## Description of the task:
What you return should be the full listing, word for word, without a single image.

(Given material begins)

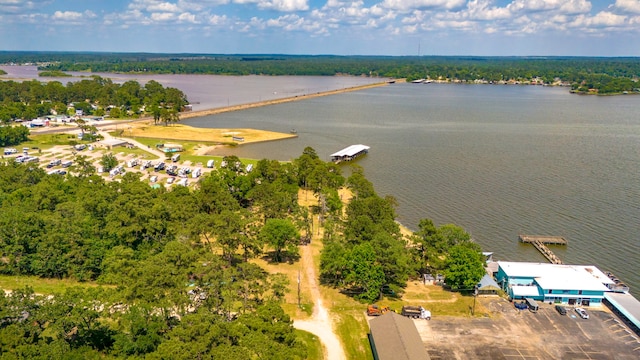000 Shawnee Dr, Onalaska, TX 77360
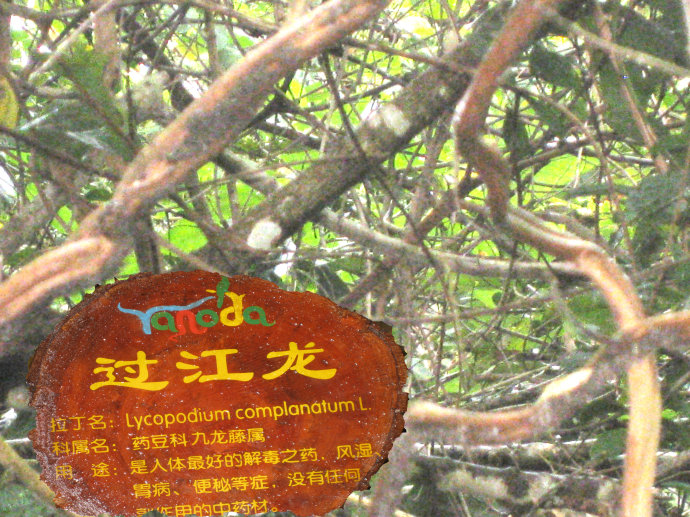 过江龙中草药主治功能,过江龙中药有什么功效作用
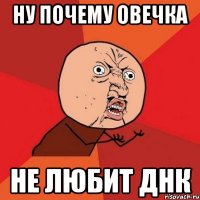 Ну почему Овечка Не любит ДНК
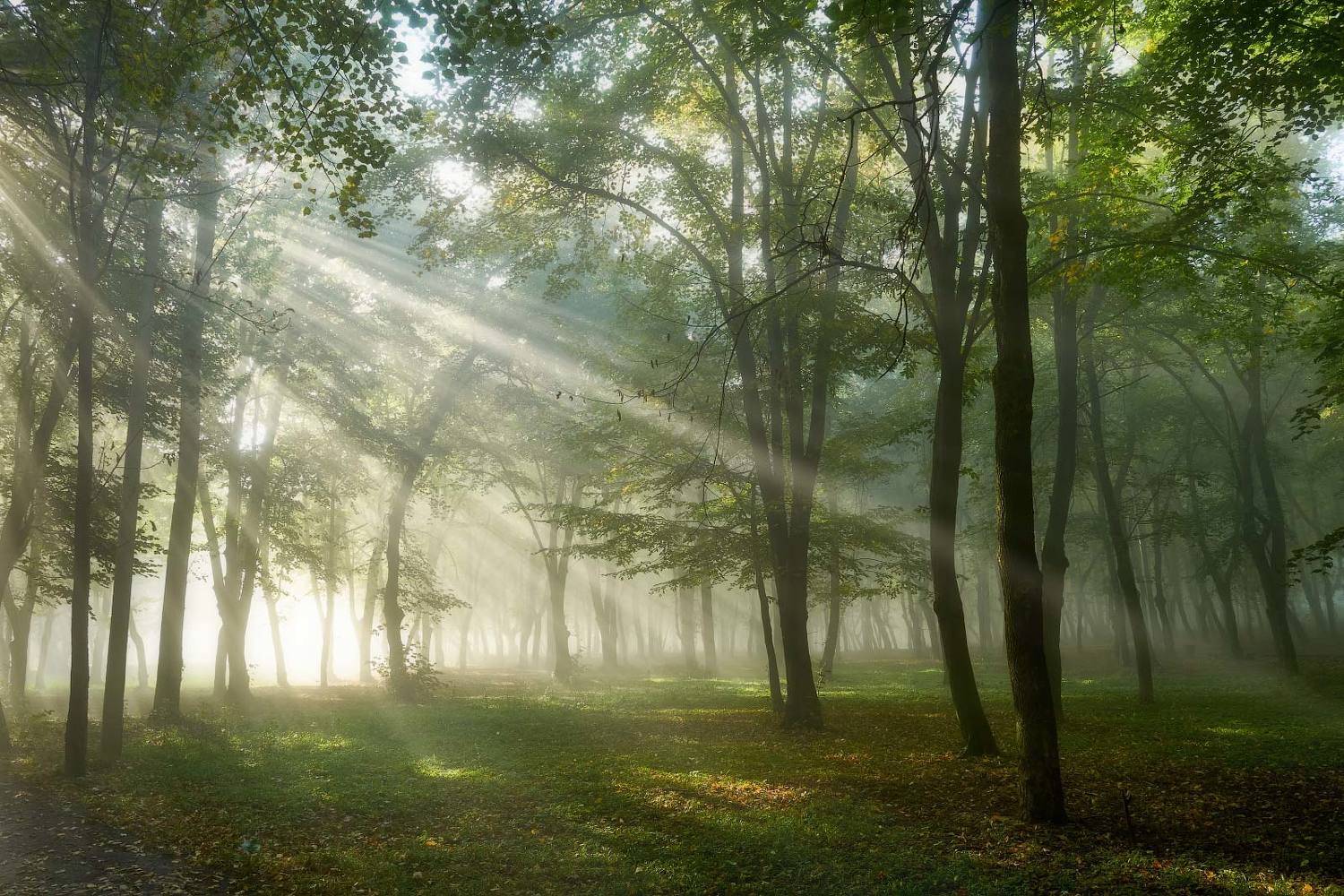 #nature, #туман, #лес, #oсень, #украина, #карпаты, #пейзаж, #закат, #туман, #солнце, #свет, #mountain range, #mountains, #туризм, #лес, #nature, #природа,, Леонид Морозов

(Given material ends)

## Task output:
000 Shawnee Dr, Onalaska, TX 77360
 过江龙中草药主治功能,过江龙中药有什么功效作用
 Ну почему Овечка Не любит ДНК
 #nature, #туман, #лес, #oсень, #украина, #карпаты, #пейзаж, #закат, #туман, #солнце, #свет, #mountain range, #mountains, #туризм, #лес, #nature, #природа,, Леонид Морозов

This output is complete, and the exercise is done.